EXERCISE BRIEF: Return only the lines of the data below from the line with "Woodendecoration Ahşap Rattan" up to and including the line with "Hh The Deputy Amir Arrives In Kuwait", exactly as written, with the pictures omitted.

SOURCE DATA:
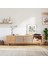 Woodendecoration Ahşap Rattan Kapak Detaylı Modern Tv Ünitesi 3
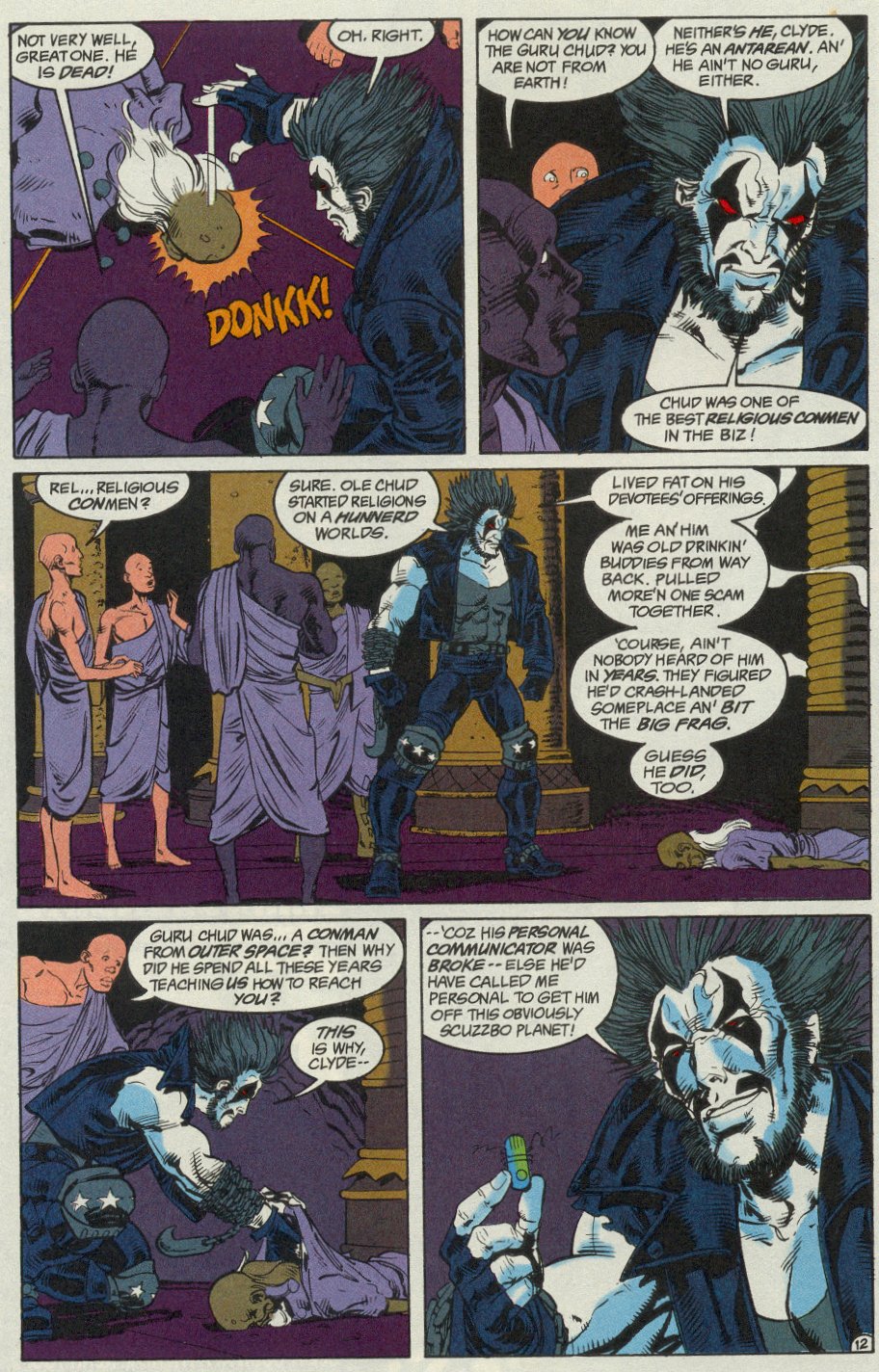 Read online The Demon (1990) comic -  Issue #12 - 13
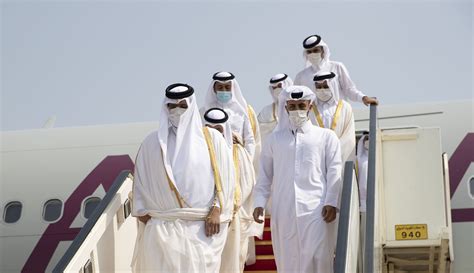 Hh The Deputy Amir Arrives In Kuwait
---
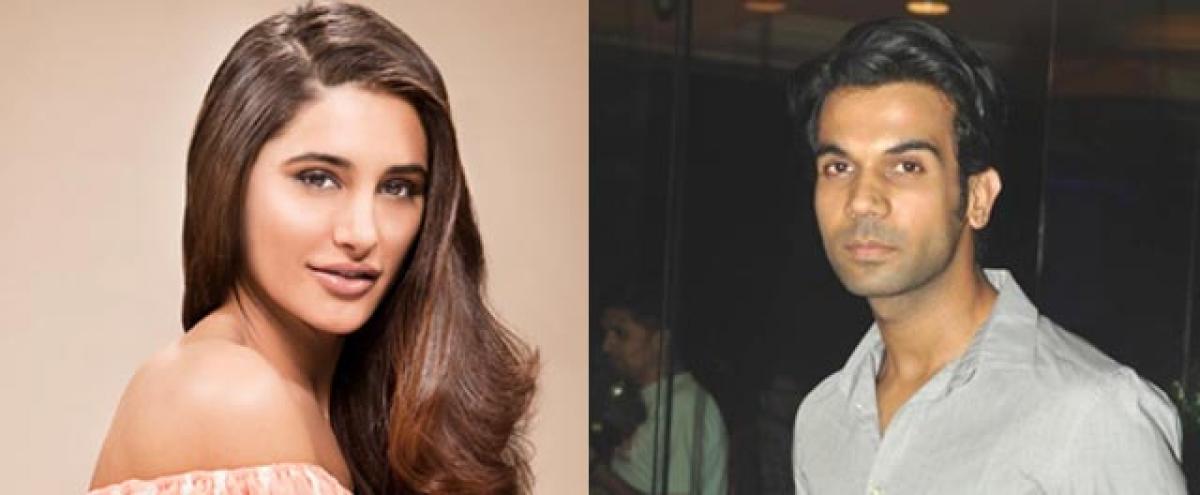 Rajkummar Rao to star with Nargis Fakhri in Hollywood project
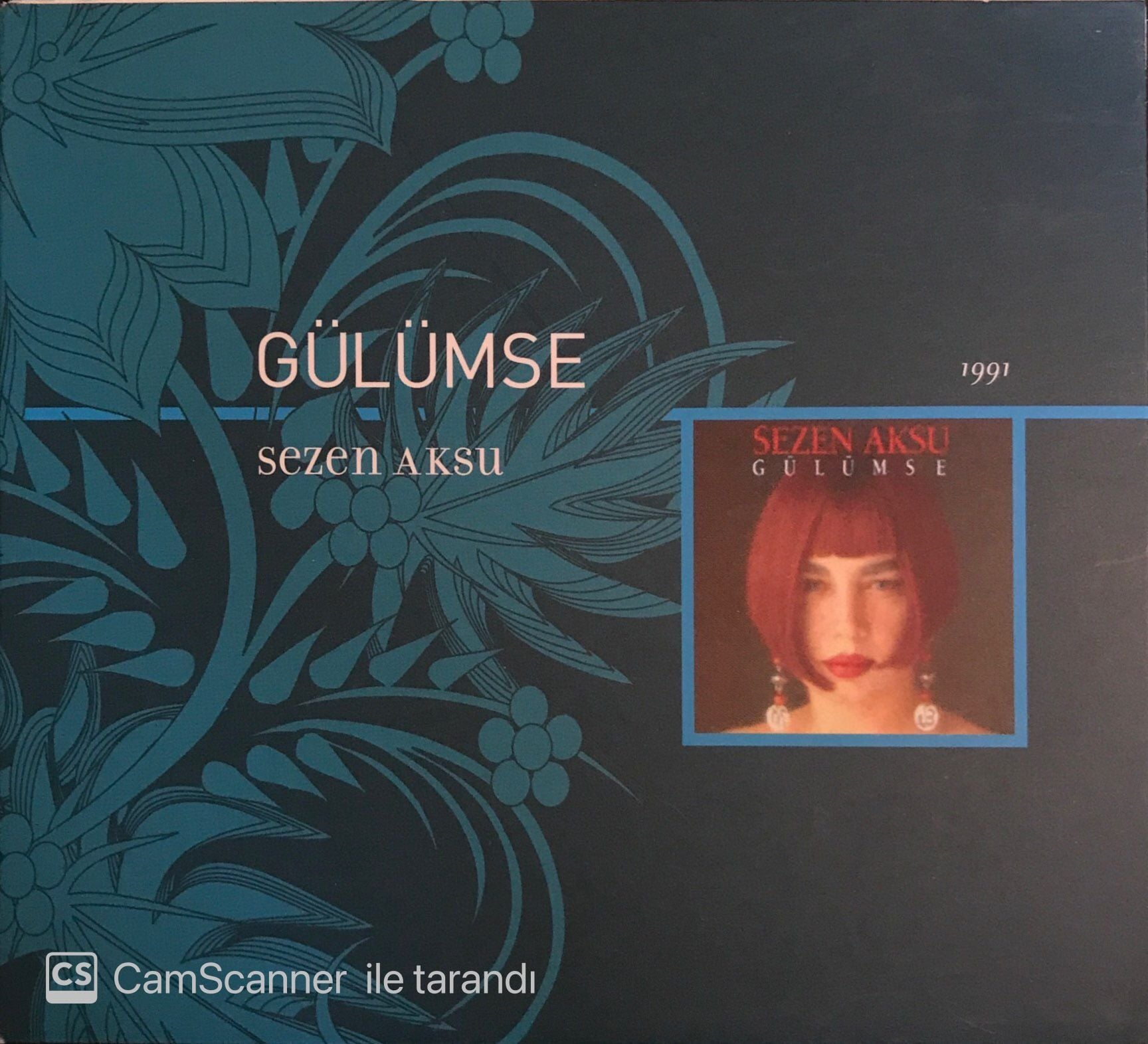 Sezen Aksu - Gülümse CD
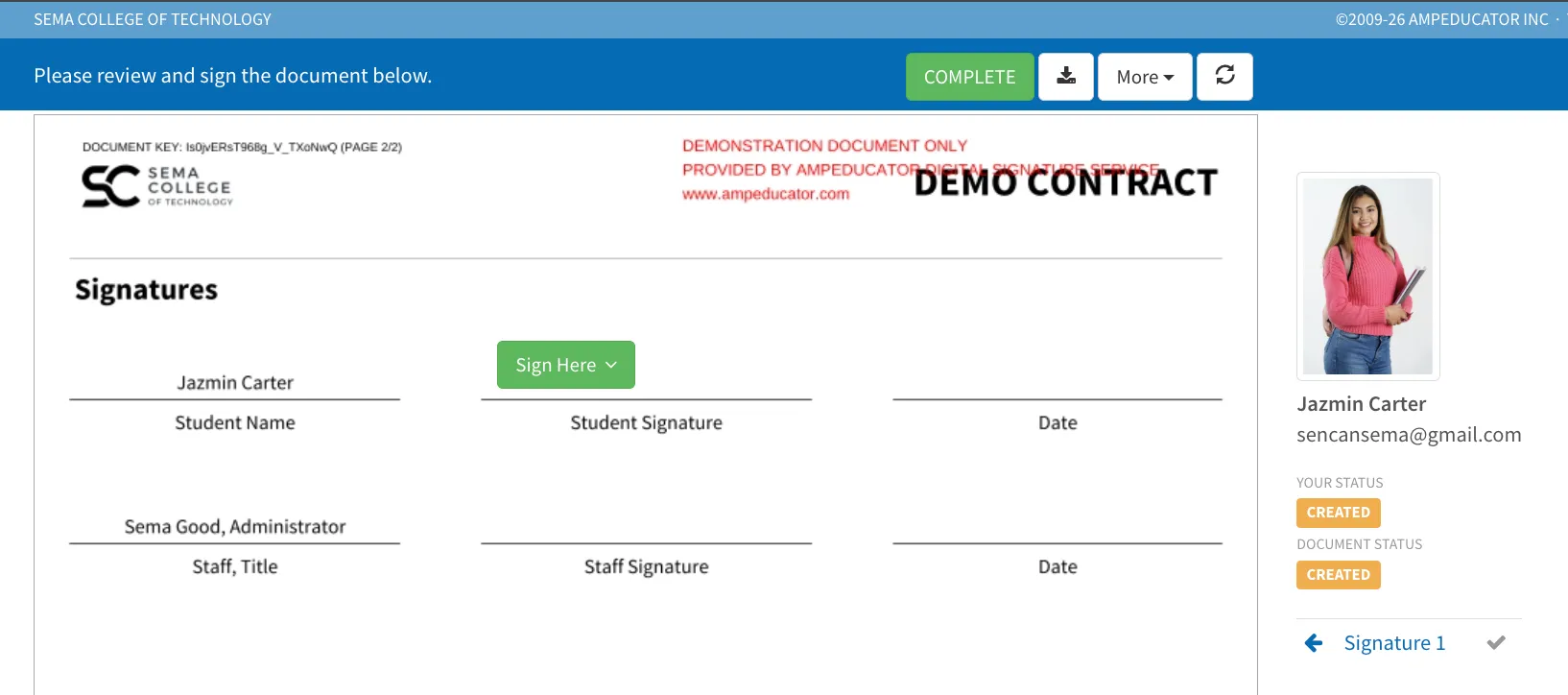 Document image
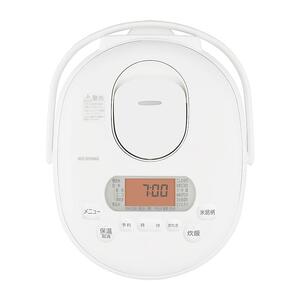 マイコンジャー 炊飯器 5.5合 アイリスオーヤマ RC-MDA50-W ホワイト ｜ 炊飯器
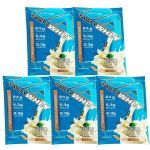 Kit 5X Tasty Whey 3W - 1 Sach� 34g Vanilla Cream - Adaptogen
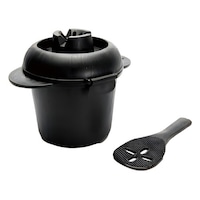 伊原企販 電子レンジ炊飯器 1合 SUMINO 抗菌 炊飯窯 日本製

SOLUTION TO THIS TASK:
 Woodendecoration Ahşap Rattan Kapak Detaylı Modern Tv Ünitesi 3
 Read online The Demon (1990) comic -  Issue #12 - 13
 Hh The Deputy Amir Arrives In Kuwait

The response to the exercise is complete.